UNISON has launched a joint campaign under the banner 'a recipe for disaster' to fight against proposals to give individual schools responsibility for their own school meals budgets.

UNISON, NUT and NASUWT are using their joint strength of over half a million members to campaign against the proposals alongside the Association of Direct Labour Organisations (ADLO) and the Local Authorities Caterers Association, which represent public and private school meal providers.

Keith Sonnet, UNISON head of local government, outlined the campaign group's opposition:

'Prices would rise, take up would fall, nutritional standards would be threatened and school meals subsidies vanish completely, this proposal is totally unacceptable. It is our strongly held belief that delegation is unworkable and undesirable; it would lead to confusion and is a recipe for disaster for school dinners.

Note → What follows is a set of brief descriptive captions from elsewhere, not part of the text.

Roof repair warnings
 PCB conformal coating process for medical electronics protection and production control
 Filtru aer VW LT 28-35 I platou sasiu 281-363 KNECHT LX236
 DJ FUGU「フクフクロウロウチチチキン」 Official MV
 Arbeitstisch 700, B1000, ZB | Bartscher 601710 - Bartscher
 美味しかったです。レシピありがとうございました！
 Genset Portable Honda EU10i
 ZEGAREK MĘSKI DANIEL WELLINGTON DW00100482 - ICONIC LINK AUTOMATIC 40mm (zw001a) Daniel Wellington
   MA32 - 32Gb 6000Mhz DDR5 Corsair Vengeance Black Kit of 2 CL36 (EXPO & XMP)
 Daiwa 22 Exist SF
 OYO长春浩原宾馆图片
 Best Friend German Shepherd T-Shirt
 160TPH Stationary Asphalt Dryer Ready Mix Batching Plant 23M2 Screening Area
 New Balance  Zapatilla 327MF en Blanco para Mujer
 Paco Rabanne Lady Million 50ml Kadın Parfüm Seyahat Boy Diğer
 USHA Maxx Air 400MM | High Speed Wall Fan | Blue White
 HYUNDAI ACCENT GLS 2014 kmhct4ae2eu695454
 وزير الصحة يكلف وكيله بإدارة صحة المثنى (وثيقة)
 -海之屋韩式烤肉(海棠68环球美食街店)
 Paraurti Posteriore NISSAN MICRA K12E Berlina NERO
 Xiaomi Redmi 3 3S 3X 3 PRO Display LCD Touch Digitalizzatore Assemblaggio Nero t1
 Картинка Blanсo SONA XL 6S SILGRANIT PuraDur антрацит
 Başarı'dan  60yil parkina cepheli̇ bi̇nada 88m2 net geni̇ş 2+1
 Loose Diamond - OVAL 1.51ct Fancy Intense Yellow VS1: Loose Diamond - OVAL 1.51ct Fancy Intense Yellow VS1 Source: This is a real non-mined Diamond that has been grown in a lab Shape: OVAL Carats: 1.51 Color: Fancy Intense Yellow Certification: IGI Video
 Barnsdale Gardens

'The group's aim is for a school meals service equipped and resourced to deliver a modern nutritional diet for young people wherever they attend school and at affordable prices. Delegation is placing another burden on the plates of already overloaded head teachers who will have to negotiate the contacts and oversee providers in addition to their existing work.'

The group believes that compulsory delegation of school meals budgets to individual schools would be a recipe for disaster because:

- the long awaited introduction of nutritional standards would be jeopardised due to the lack of school level expertise in running the service, and the impossibility of monitoring those standards across individual school contracts;

- the government's wish to reduce social exclusion may be frustrated. Local authorities' ability to target services at those groups vulnerable to exclusion depends upon services such as free school meals, not being fragmented via LMS delegation.

- head teachers, teaching staff and support staff are overburdened as it is and would not welcome the extra administrative demands of running the school meals service;

- caterers would lose economies of scale and with this would go a disincentive to invest in, or refurbish kitchen equipment. This could have impact on health and safety;

- economies of scale also make possible LEAs' standard school meal prices, and if these can no longer be delivered, smaller schools in particular will suffer;

- schools may be faced with the choice of either subsiding school meals from the delegated budget or reducing meal quality or putting up prices. Changing quality or price is almost certain to result in a fall in take-up;

- with the government suggesting that individual schools be exempt from the new duty off best value, what safeguards will be provided for the future quality of meals and for parents and children to have their say on school meals?

The groups will be encouraging their members to lobby MPs, education authorities and schools pointing out the pitfalls of delegation.